> Material supplied:
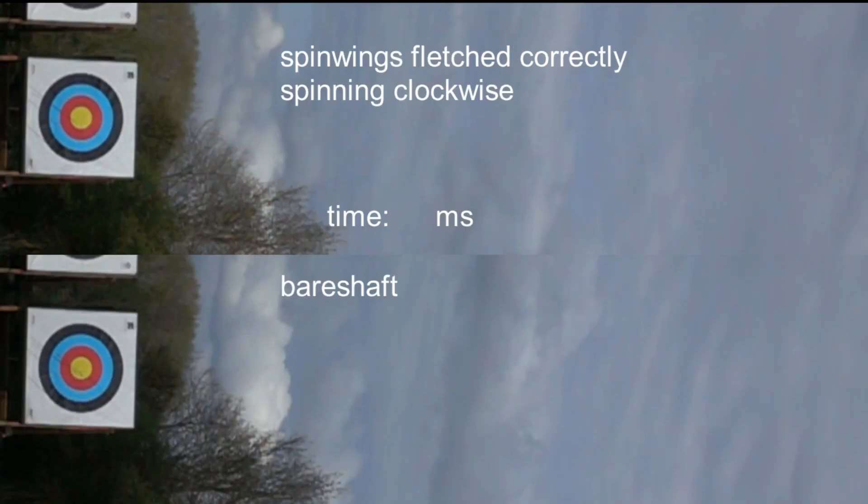We have the same arrow in the top frame, but instead the vanes have been removed in the bottom frame. As the spin vanes only weigh a few grains, both arrows vibrate at nearly the same frequency, which is about 83 times a second.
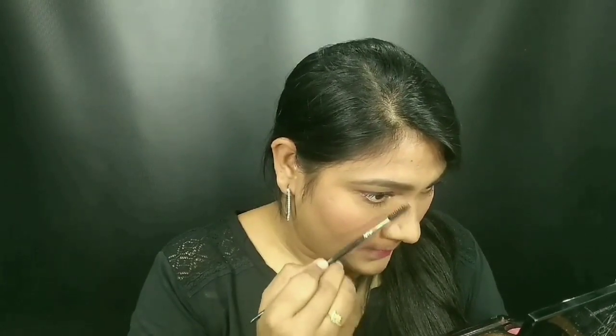Suppose you put mascara on your face — don't worry, it's dry. You can remove it with your brush.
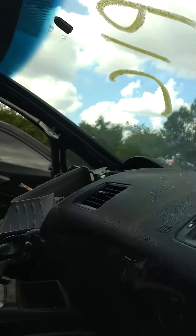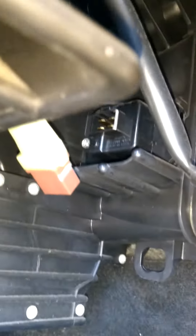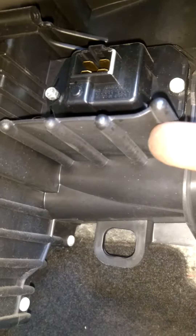I'm going to get the blower resistor on this 2010 Honda Civic. I'm going to turn off those two screws — it's a 7mm. Those two screws, one here, and one there.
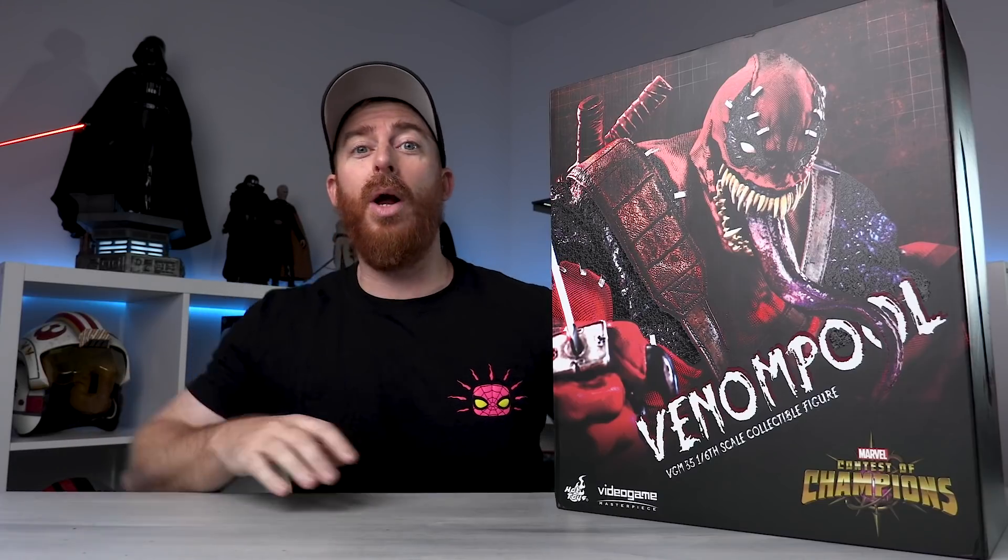What's going on guys, Ryan with Jedi Patrol back with another video and today we're going to be unboxing Hot Toys Venom Pool.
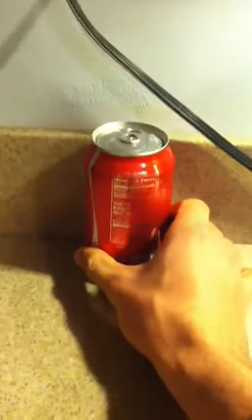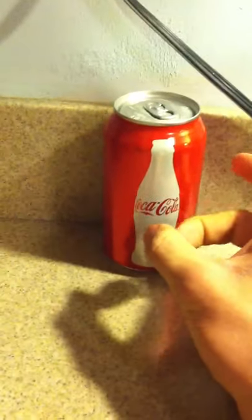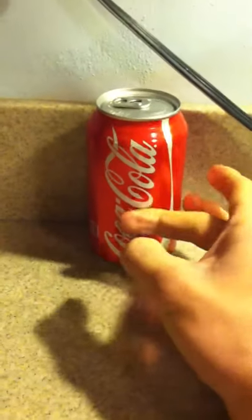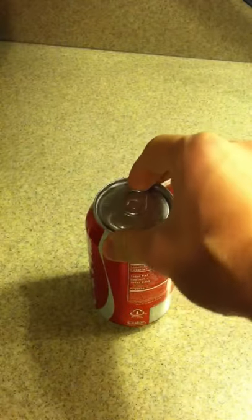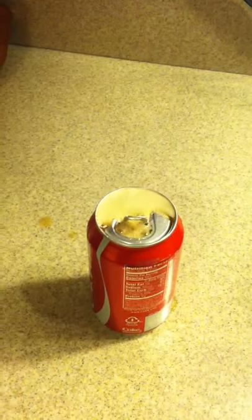I'm filming so I have to prop it up against the wall so I can flick it. Let's see. I'd say that's not too bad.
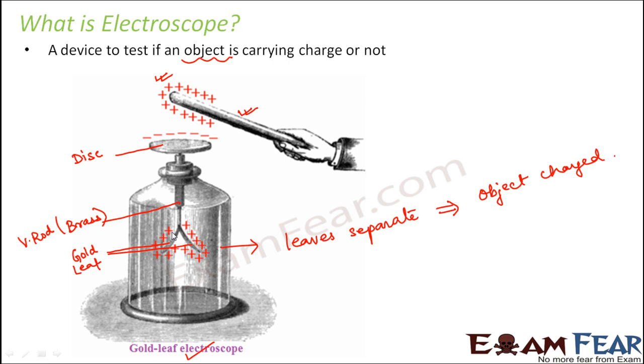Another thing you can observe: instead of touching the disc with the object, if you try to touch the terminal with your finger or skin, what will happen? The human body is a good conductor, so whenever you touch it with your finger, the charges will get a path and will immediately flow through the human body to the earth. As a result, the gold leaves will lose all the charges they had acquired and will close together — no longer separating away from each other.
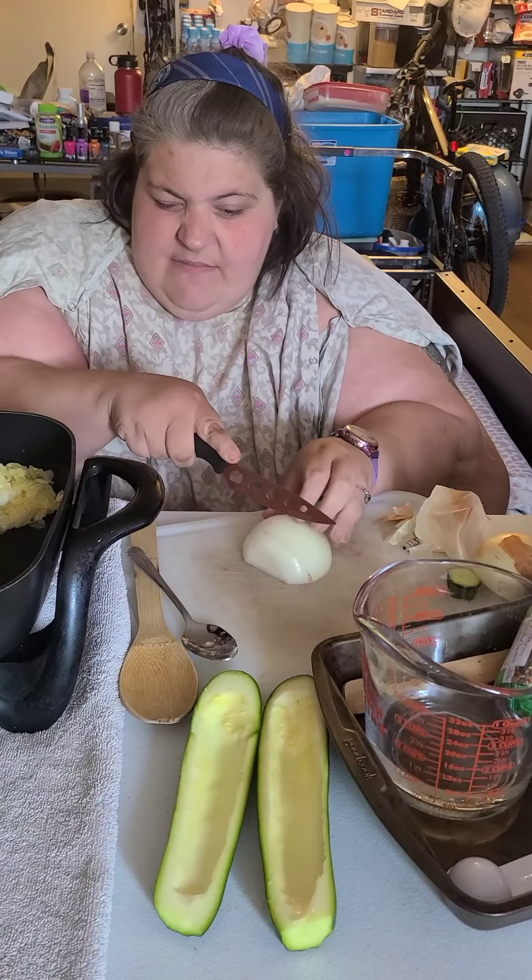After you've let it reduce, take a spoon and fill each one of your zucchinis. Just like that. I'm going to head off camera and do the rest of these so I don't get burned, but when I get back I'll show you the next step.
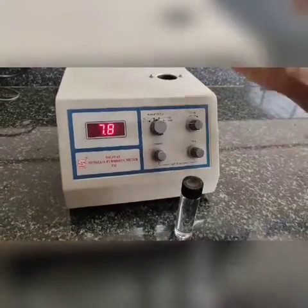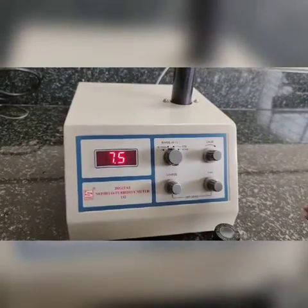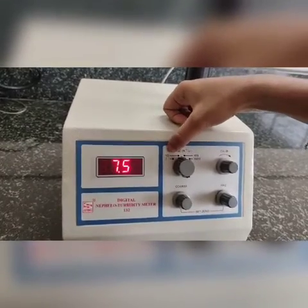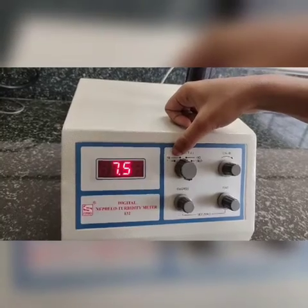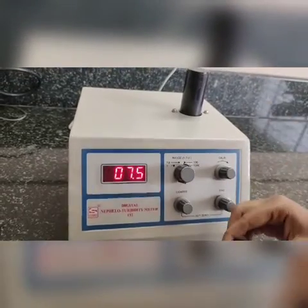Take out the sample, then fill with 10 NTU solution, then 100 NTU, and 500 NTU — the same procedure is followed for each. So we have calibrated for 1 NTU, 10 NTU, and 100 NTU. For 100 NTU, rotate the range to the 100 NTU setting.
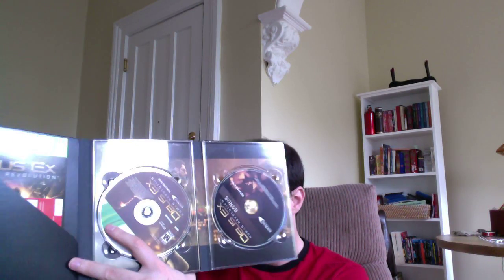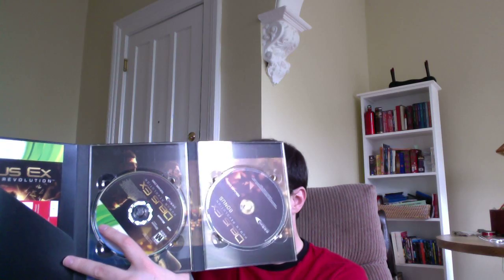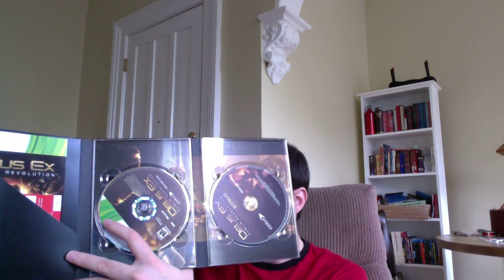There you go. And let's see. Here we are. You have the game disc and you have a bonus DVD. I think this bonus DVD contains the making of, a game soundtrack, E3 trailer, and a motion graphic novel. Yeah, that's definitely worth it.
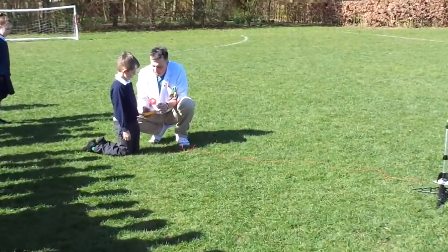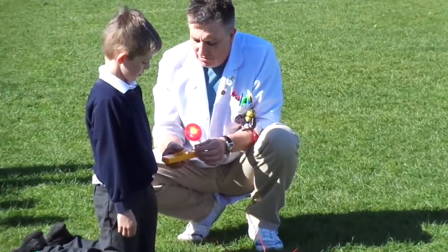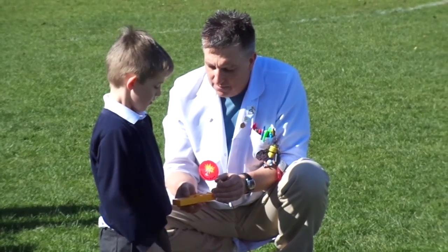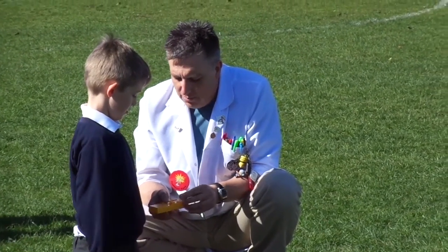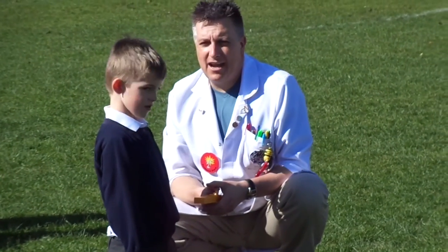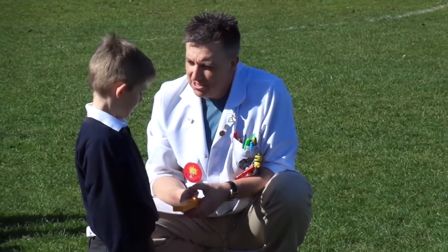You're going to press that button like this, and just hold it gently — you don't need to squeeze really, really hard. Only press it when it gets to zero. So you're going to help with the countdown, and you're just going to press the button when it gets to zero. Ok?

> Your objective:
Copy word for word the lines above, starting at the line containing "Another thing you" and ending at the line containing "After you've let", inclusive, with no pictures.

> Response to this task:
Another thing you can observe: instead of touching the disc with the object, if you try to touch the terminal with your finger or skin, what will happen? The human body is a good conductor, so whenever you touch it with your finger, the charges will get a path and will immediately flow through the human body to the earth. As a result, the gold leaves will lose all the charges they had acquired and will close together — no longer separating away from each other.
After you've let it reduce, take a spoon and fill each one of your zucchinis. Just like that. I'm going to head off camera and do the rest of these so I don't get burned, but when I get back I'll show you the next step.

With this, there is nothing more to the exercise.